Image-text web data
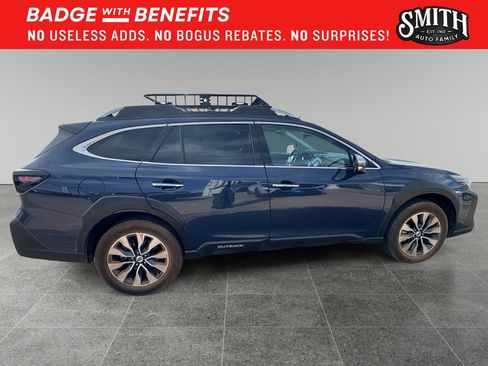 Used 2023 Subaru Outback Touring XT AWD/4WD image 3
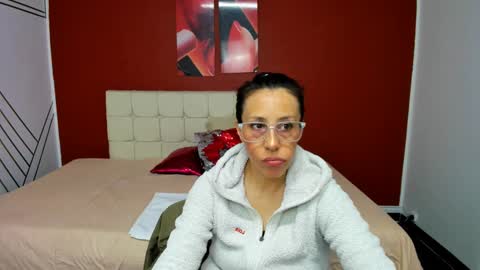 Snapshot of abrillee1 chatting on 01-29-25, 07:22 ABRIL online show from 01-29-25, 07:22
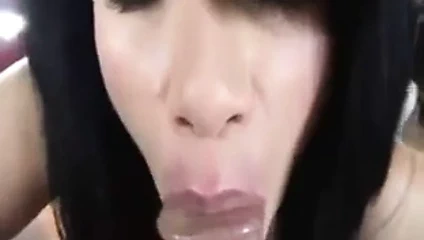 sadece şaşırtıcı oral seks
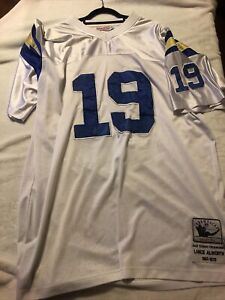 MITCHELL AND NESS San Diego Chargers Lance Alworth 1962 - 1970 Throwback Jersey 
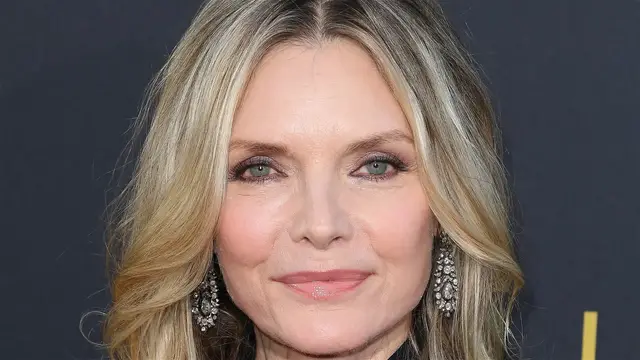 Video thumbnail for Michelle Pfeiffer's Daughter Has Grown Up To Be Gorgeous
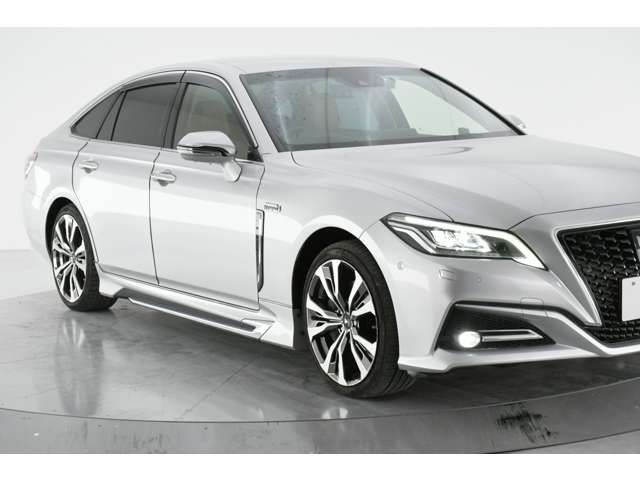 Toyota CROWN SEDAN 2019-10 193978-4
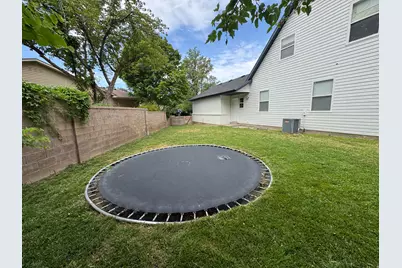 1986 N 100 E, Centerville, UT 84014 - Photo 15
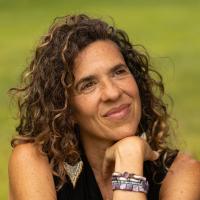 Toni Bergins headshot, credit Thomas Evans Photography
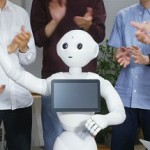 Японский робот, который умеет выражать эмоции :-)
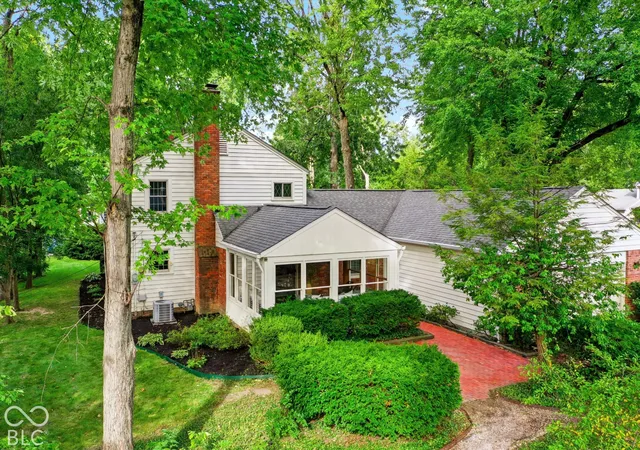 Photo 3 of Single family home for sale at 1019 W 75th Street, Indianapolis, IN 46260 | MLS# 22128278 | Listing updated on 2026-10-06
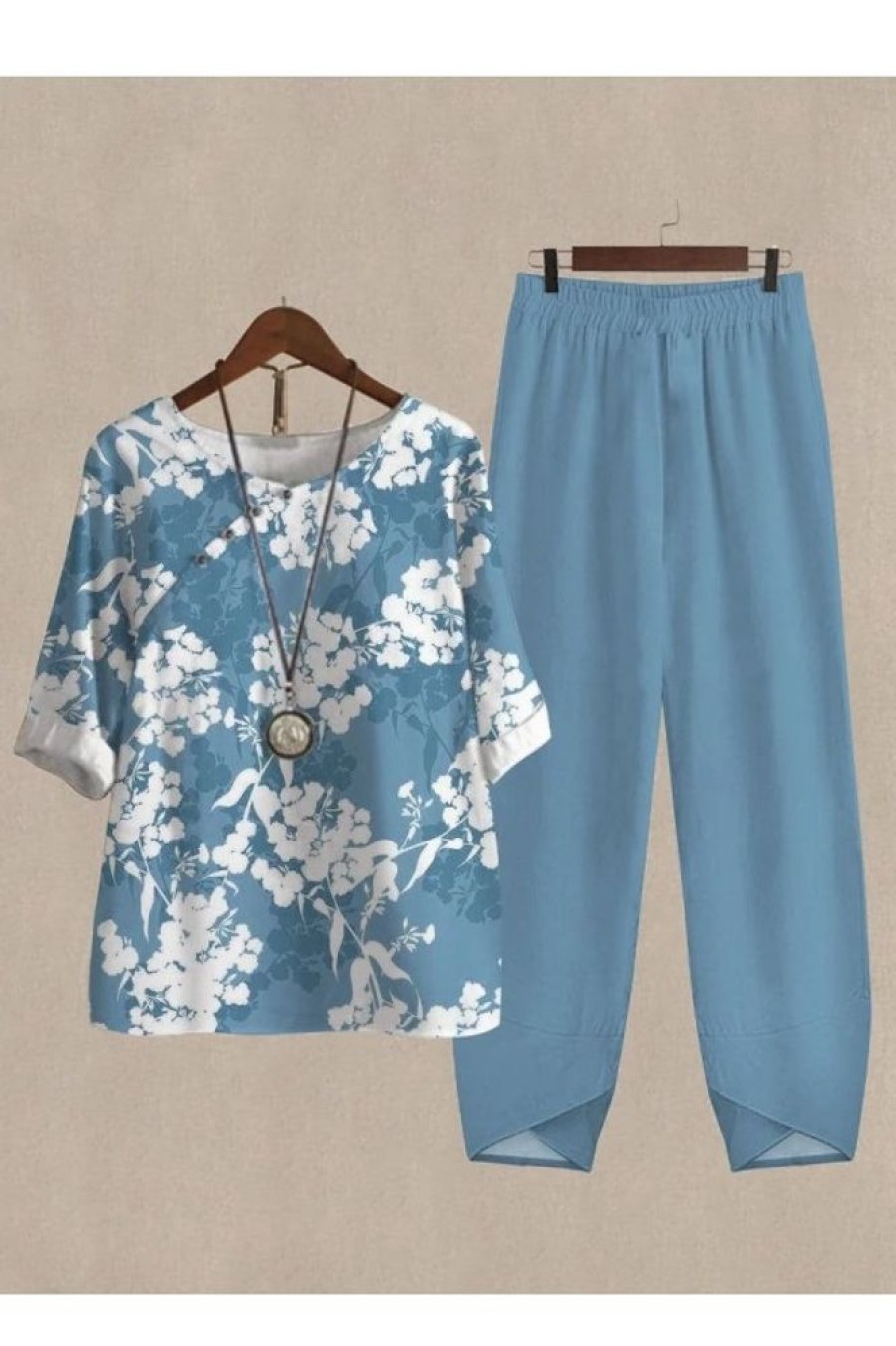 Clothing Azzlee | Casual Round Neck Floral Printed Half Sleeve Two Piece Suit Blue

» **Task to complete**
Word for word, set down every line of the records above, and leave the pictures out.

» **Answer box**
 Used 2023 Subaru Outback Touring XT AWD/4WD image 3
 Snapshot of abrillee1 chatting on 01-29-25, 07:22 ABRIL online show from 01-29-25, 07:22
 sadece şaşırtıcı oral seks
 MITCHELL AND NESS San Diego Chargers Lance Alworth 1962 - 1970 Throwback Jersey 
 Video thumbnail for Michelle Pfeiffer's Daughter Has Grown Up To Be Gorgeous
 Toyota CROWN SEDAN 2019-10 193978-4
 1986 N 100 E, Centerville, UT 84014 - Photo 15
 Toni Bergins headshot, credit Thomas Evans Photography
 Японский робот, который умеет выражать эмоции :-)
 Photo 3 of Single family home for sale at 1019 W 75th Street, Indianapolis, IN 46260 | MLS# 22128278 | Listing updated on 2026-10-06
 Clothing Azzlee | Casual Round Neck Floral Printed Half Sleeve Two Piece Suit Blue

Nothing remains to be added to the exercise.